Ancora studente si trasferisce a Milano, entra nello studio di Giò Ponti e, nel 1953, si Iaurea in architettura al Politecnico.
Nel 1954 apre il suo studio dedicandosi alla progettazione di interni e al design industriale. Nel 1956 è tra i soci fondatori dell’ADI.
Medaglia d’oro alla Triennale nel 1957, nel 1955, 1956, 1957, 1979, 1981, 1987, 1989, 1991 riceve segnalazioni d’onore al premio Compasso d’Oro, nel 1968 l’Oscar Plast.
Collabora con Cassina, Arteluce, Bernini, Artemide, ICF, Knoll International, Kron, Lema, Acerbis International, Lucitalia, Matteograssi.
Nel 1973 progetta per Cassina i tavoli 621 e 622. Nel 1975 la lampada Boalum, disegnata con Livio Castiglioni per Artemide, riceve la menzione d’onore al BIO di Lubiana.
Dal 1983 al 1991 è consigliere di amministrazione della Triennale di Milano. Suoi oggetti sono esposti in permanenza al MOMA di New York, al Museum of Contemporary Art di Chicago, nella collezione permanente della Triennale.
Muore a Milano nel 2004.
GIANFRANCO FRATTINI DESIGNER
“Nella mia fedeltà al razionalismo, sia come credo storico che come metodo di lavoro”, dichiara Gianfranco Frattini nel volume a lui dedicato da Pier Carlo Santini, “non ho mai rinunciato al confronto con le proposte diverse;
da quelle del design radicale degli anni sessanta/settanta al post-moderno dei nostri giorni che, pur trovandomi su posizioni diametralmente opposte, hanno costituito spunto per nuove riflessioni e per un dialogo sempre costruttivo”.
Pier Carlo Santini ben evidenzia l’inconfondibile approccio di Frattini nelle costanti del lungo arco ideativo:
“Nel solco del movimento moderno egli è un protagonista di quella continuità che non si è ancora interrotta, nonostante tutte le dissacrazioni e le trasgressioni degli ultimi anni.
Formatosi all’architettura e, incontrandosi precocemente con Gio Ponti suo docente al Politecnico, che gli dà fiducia ed entusiasmo, Frattini matura con crescente convinzione e coscienza la propria poetica e la propria mitologia progettuale, attingendo alle fonti del razionalismo sulle quali fonda una disciplina più che mutuare o riprendere termini di linguaggio.
Subito, dunque, si manifestano in lui scelte precise, incontrovertibili.
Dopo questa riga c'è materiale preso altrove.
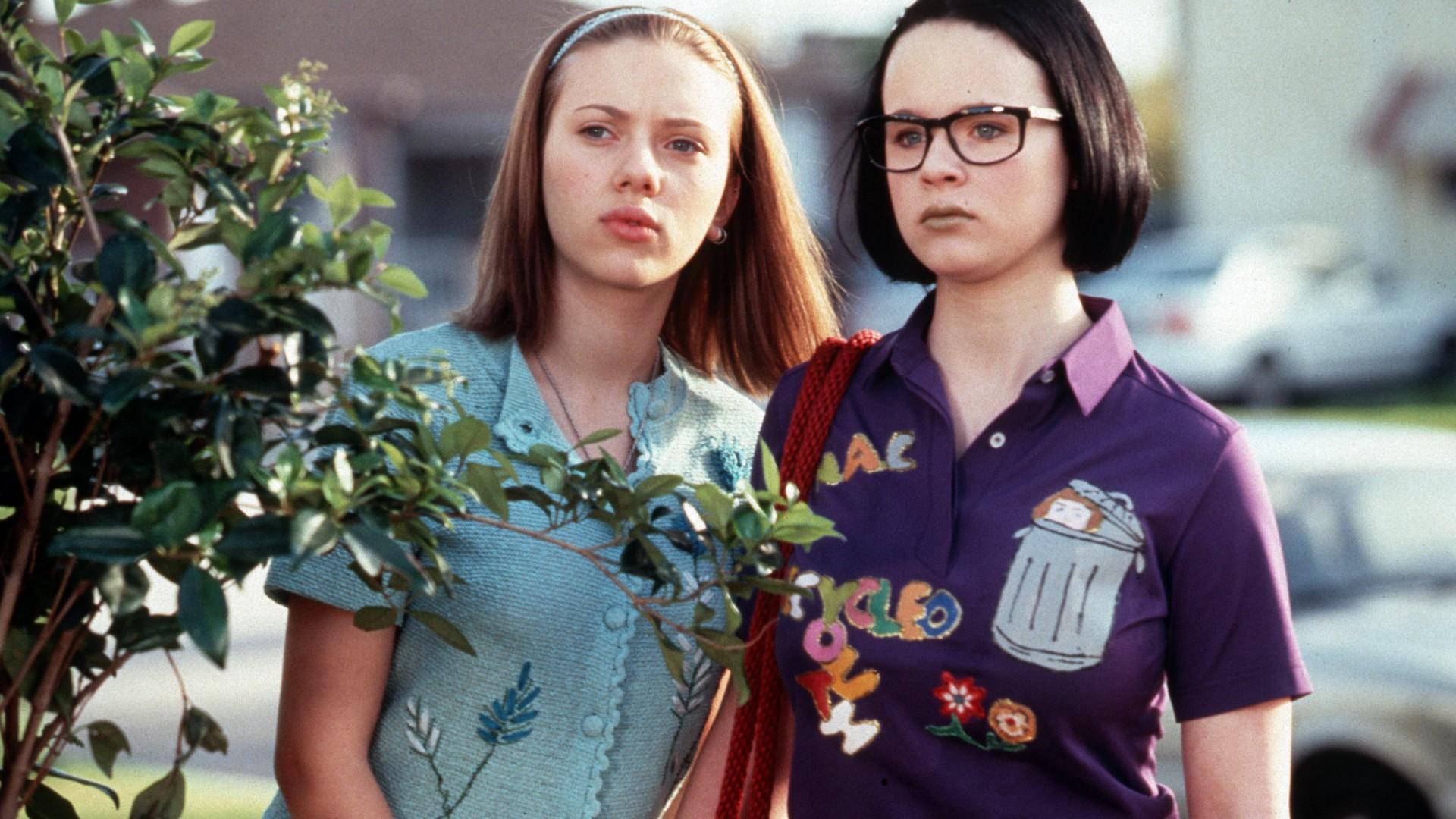 Ghost World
Presto si forma un abito alla concretezza, immune e aliena da complicazioni intellettualistiche: provare, disegnare, sperimentare sul campo sarà poi norma irrinunciabile, da anteporre ad ogni concettualizzazione o teoria…
“La mia vita di progettista designer è nella fabbrica”, sostiene l’autore senza mezzi termini.
Sulla catena di montaggio, inversamente da quanto fa per l’architettura, vengono fissati tratti essenziali dell’oggetto.
Inutile disegnare la vite, o diffondersi in minuziosi dettagli. L’iter sarà molto lungo, con tutte le analisi, le verifiche e i controlli che ci saranno da fare.
Ma il momento più affascinante è il contatto con la produzione, con chi adotta la lavorazione a catena con chi è allo stampaggio. Qui nasce veramente il prodotto.
Ora, questo procedere che si può definire sperimentale, aperto alle continue trasformazioni e avanzamenti tecnologici, rende Frattini disponibile nei confronti di ‘generi’ nuovi, di materiali nuovi che gli interessa imparare a conoscere.
Può non saperne niente ma è sicuro che riuscirà a saperne tutto; si tratta di metalli, di marmo o di vetro soffiato.
E’ in tal senso curioso, e `si diverte’ a entrare nei centri di ricerca, nei laboratori…
Questo eclettismo gli ha consentito non solo di rispondere alle domande più diverse senza disconoscere o tradire mai le sue concezioni e convinzioni, ma anche di sconfinare in campi non prima frequentati o famigliari“.